EXERCISE DETAILS: The stretch from the line with "Beautiful young woman" through the line with "Asian Plus Size" in the records below: write it out exactly, and nothing else.

TASK MATERIAL:
★ ★ ★ ★ ★ ★ ★

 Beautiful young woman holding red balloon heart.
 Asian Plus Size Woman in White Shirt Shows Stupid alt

★ ★ ★ ★ ★ ★ ★

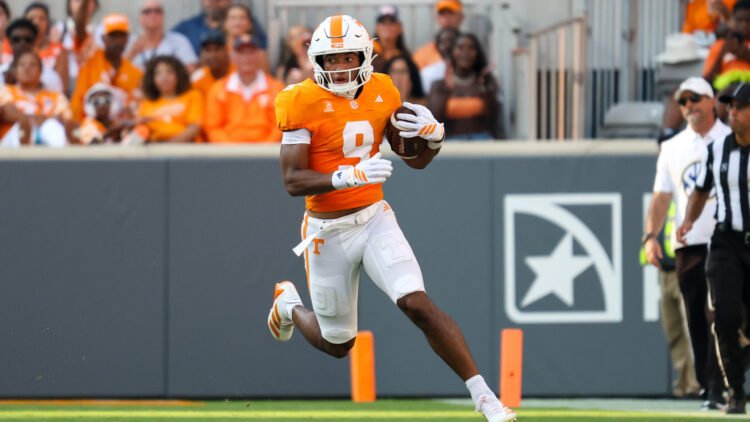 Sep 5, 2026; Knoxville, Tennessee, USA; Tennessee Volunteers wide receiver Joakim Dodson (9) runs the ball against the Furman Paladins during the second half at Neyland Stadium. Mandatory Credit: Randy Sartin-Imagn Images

★ ★ ★ ★ ★ ★ ★

SOLUTION TO THIS PROBLEM:
 Beautiful young woman holding red balloon heart.
 Asian Plus Size Woman in White Shirt Shows Stupid alt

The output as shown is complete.